**Activity:**
After locating "Natural Cultured Freshwater" in the listing below, copy that line and each one after it exactly, ending with the line that has "The LEGO Harry".

**Information shown:**
------------------------------------------------------------

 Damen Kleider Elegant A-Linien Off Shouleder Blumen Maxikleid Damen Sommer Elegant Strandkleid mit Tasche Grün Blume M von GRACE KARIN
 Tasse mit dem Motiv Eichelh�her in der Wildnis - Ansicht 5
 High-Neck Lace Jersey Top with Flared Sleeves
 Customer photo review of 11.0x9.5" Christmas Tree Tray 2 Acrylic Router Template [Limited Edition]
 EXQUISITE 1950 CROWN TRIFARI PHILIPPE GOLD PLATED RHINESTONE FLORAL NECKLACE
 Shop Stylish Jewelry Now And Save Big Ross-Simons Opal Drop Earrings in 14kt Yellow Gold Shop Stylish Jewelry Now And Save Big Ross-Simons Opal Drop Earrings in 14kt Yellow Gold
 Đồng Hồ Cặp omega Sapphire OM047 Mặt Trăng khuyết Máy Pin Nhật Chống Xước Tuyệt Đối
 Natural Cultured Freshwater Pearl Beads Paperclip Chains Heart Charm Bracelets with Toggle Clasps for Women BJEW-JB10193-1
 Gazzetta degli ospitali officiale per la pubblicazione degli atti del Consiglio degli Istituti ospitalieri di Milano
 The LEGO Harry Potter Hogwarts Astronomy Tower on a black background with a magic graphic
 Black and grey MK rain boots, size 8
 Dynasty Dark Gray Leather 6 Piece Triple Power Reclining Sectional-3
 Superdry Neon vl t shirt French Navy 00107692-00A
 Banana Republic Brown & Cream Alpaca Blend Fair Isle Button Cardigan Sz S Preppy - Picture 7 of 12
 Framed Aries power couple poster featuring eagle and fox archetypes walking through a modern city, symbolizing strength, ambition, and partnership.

------------------------------------------------------------

**Task response:**
 Natural Cultured Freshwater Pearl Beads Paperclip Chains Heart Charm Bracelets with Toggle Clasps for Women BJEW-JB10193-1
 Gazzetta degli ospitali officiale per la pubblicazione degli atti del Consiglio degli Istituti ospitalieri di Milano
 The LEGO Harry Potter Hogwarts Astronomy Tower on a black background with a magic graphic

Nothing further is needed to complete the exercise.